Internals

The ctrl_orca package is the engine for orchestration. It uses plug-ins to customize how specific workflows are setup and launched. This is a brief description of how Orca does what it does.

Production

The production starts by configuring the production, by using a ProductionRunConfigurator. This is a customizable component and can be overridden at the start, but in practice the generic ProductionRunConfigurator has served our needs up to this point. The ProductionRunConfigurator initializes the location of the messaging broker, the production shutdown even topic, the log level threshold, and default values of the production configuration. When configured, the object creates all associated DatabaseConfigurators, and any pipeline loggers (via LoggerManagers) associated with them. In practice, this has been one database, and one logger. If there is additional configuration information that needs to be set at this point, a production Config can specify an object to be created and that special configuration can be set. (This is instead of creating an entire ProductionRunConfigurator, only to do one additional configuration). Note that the DatabaseConfigurator is the generic term for this object; specialized versions of this object can be created. The single Configurator used to this point is one that connects to MySQL.

Note

The following information about WorkflowManagers, WorkflowConfigurators, and WorkflowLaunchers, describe the generic tasks done by each object. Specifics of each depend on their plug-in implementation, and are discussed in the next section.
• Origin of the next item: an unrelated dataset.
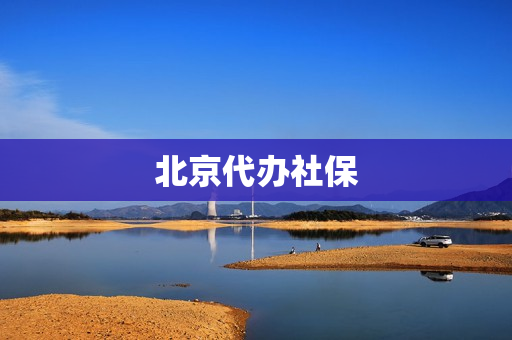 北京代办社保(北京代办社保的公司)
Each Config for each Workflow instance is examined, and the appropriate WorkflowManager is created, according to which plug-in was specified. The WorkflowManager is created and initialized with the Production Config and a Workflow Config. Once it has been initialized, the WorkflowManager is configured.

After all WorkflowManagers are created, they are all returned to the ProductionRunConfigurator. The ProductionRunConfigurator keeps track of all the WorkflowManagers, and all their associated LoggerManagers which have been created.

The ProductionRunManager now tells each WorkflowManager to initiate their Workflow, associating a StatusListener to each of them.

When the WorkflowManager initiates a Workflow, several things happen. First, it creates the WorkflowConfigurator which is associated with this WorkflowManager, and it configures the workflow, and returns a WorkflowLauncher to the WorkflowManager. The WorkflowManager uses the Launcher to start the workflow. After the Launcher starts, it returns a WorkflowMonitor.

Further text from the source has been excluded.